Labor-intensive consumer-facing service companies can rethink hiring plans relatively quickly when demand dries up. A proportion of those in their 50s and 60s who retire earlier than expected in 2020 and 2021 could return to work for a living, boosting the labor supply. Rising energy bills cause short-term inflation. But in the medium term, they act as a deflationary tax boost for households and businesses.
But whether or not the BoE’s projections are correct about how the job market and domestic price pressures will develop, they are almost certainly wrong when it comes to how the Treasury will react. The bank’s latest numbers are, as always, conditional on no change in fiscal policy. However, when Britain gets a new prime minister in early September, some form of fiscal easing in the form of tax cuts, further reductions in energy bills or both will follow. It’s unlikely any of these measures will be enough to stave off a recession at this point, but they could still ease some pressure on household incomes in the coming months.

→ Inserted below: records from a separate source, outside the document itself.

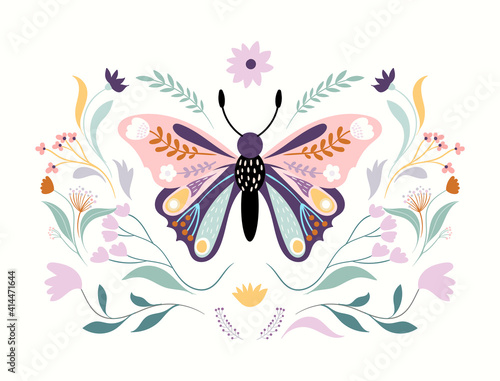 Floral butterfly isolated on white, floral poster, banner, wall art, modern design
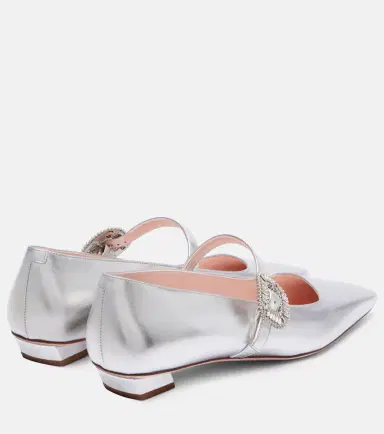 Roger Vivier Belle Vivier 25 metallic leather ballet flats | Thumbnail 4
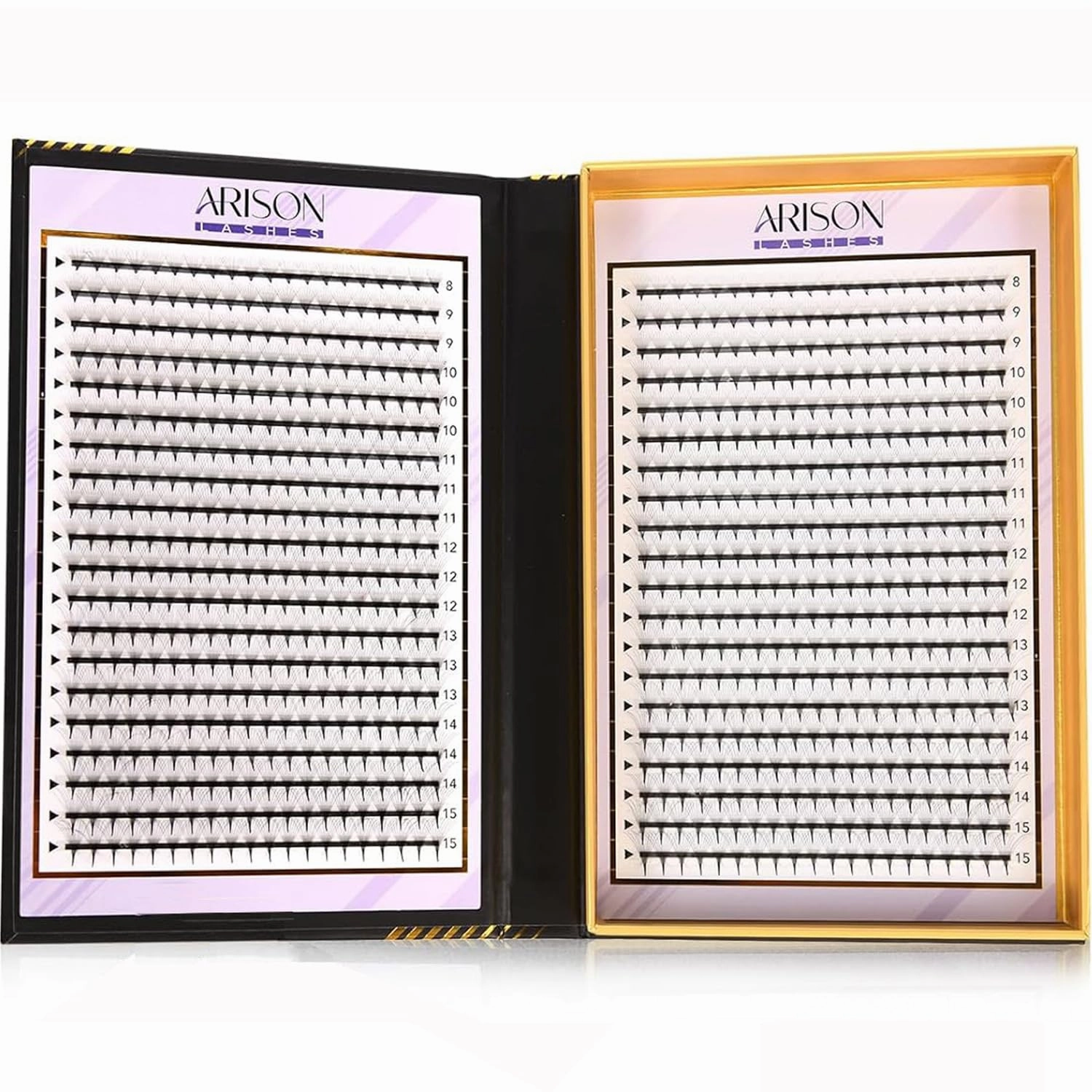 Arison Lashes Premade Lashes Fans False Eyelash Russian Extension Volume Fluff Natural Cat Eye Lash Tray(800PCS-10D-D-8-15mix)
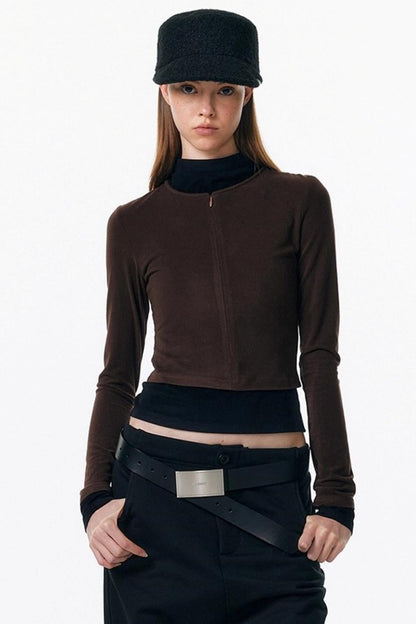 Velvet-Feel Color-Blocked Top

Whoever is Britain’s next prime minister, their relationship with the BoE will become increasingly strained. An MPC set to raise rates during a forecast recession is signaling that it will move to offset any fiscal easing coming from the government with tighter policy.
The bank has concluded that a recession is needed to bring inflation back on target. Liz Truss, the favorite to win the Conservative Party leadership contest by both polls and bookmakers, has praised the BoE in recent weeks for its failure to keep inflation in check. She is unlikely to be particularly pleased with a central bank that is prepared to act by raising interest rates amid a slowing economy and offsetting any easing of government policy that she he leads.
Against the backdrop of global energy price inflation, a combination of looser fiscal policy and tighter monetary policy could work for the UK. Targeted fiscal support could support households most at risk from rising prices and prevent some other viable businesses from taking over. A higher exchange rate could support the value of the pound and help ease import price pressures.
But choosing the right matching policy for Britain today is a lot like picking the least wrinkled shirt from the laundry basket: the best choice is not necessarily the best choice. The country is poorer than people think. In the short term that is inevitable. The real policy debate is about how that pain is divided among households, businesses and government balance sheets – not how to avoid that pain.